Elle pointait un doigt vers le cavalier obéissant. Puis elle retira un gant pour poser une main nue sur le bout de mon nez. Le vieux moustachu l’avait fait de nombreuses fois. Au moindre écart, j’étais prêt à fuir mais Charlie insista longuement.

_ Allez, Azul. C’est la dernière fois, je te le promets…

_ « Tu n’as rien ? » S’inquiétait Mathieu de l’autre côté du ruisseau.

_ Ça va. Je vais le faire traverser à pied.

Ce disant, elle tira doucement sur la bride et me précéda dans les eaux agitées. J’avais enfin retrouvé mon calme.

_ « Nous devrions le laisser à la prochaine étape, Charlie. » Proposait Marc, le vétérinaire du groupe.

_ « Cela ne servirait à rien. Azul a encore la force de monter. » Rétorqua Mathieu.

Charlie les écoutait sans vraiment les entendre. Les bras croisés, elle me considérait de ses yeux si tristes.

_ « Il faut l’examiner de plus près. » Insista Marc.

_ « C’est inutile, je l’ai fait avant de partir. » Avoua Mathieu.

Une tension devenue commune tiraillait les deux hommes. S’ils ne se modéraient pas, ils se frapperaient sûrement. Mais Charlie réfléchissait toujours.

_ « Nous n’avions pas besoin de toi. Un seul vétérinaire qualifié suffit ! » S’insurgea Marc.

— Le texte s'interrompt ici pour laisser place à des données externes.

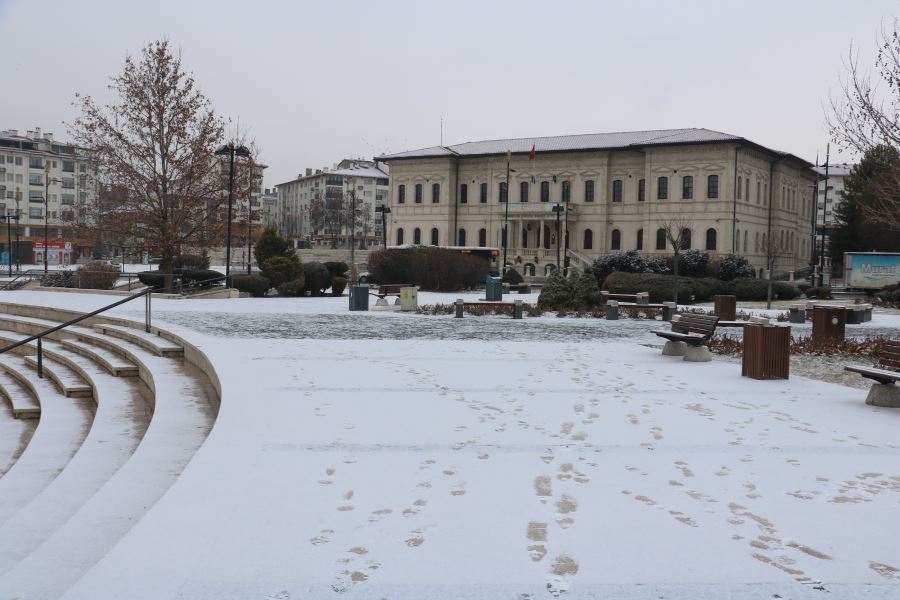 Sivas Yeni Yıla Karla Uyandı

_ « Dans ce cas, tu peux redescendre. »

Le coup partit de lui-même. Propulsé violement en arrière, Mathieu tomba et roula non loin de moi. Je m’agitai de nouveau. Cette fois-ci je ne pouvais m’échapper, car les rênes étaient solidement attachées à l’arbre sous lequel j’avais trouvé refuge dès notre arrivée. Le reste du troupeau était rassemblé dans un enclos. Charlie criait à présent. Elle tentait vainement de séparer les lutteurs, mais Marc se ruait sur Mathieu, et ce dernier répliquait férocement. Les autres cavaliers se précipitaient. Cela faisait trop d’hommes nerveux autour de moi. Je frappai du sabot pour dissuader quiconque de m’approcher. Fort heureusement, tous avaient les yeux rivés sur les bagarreurs enragés.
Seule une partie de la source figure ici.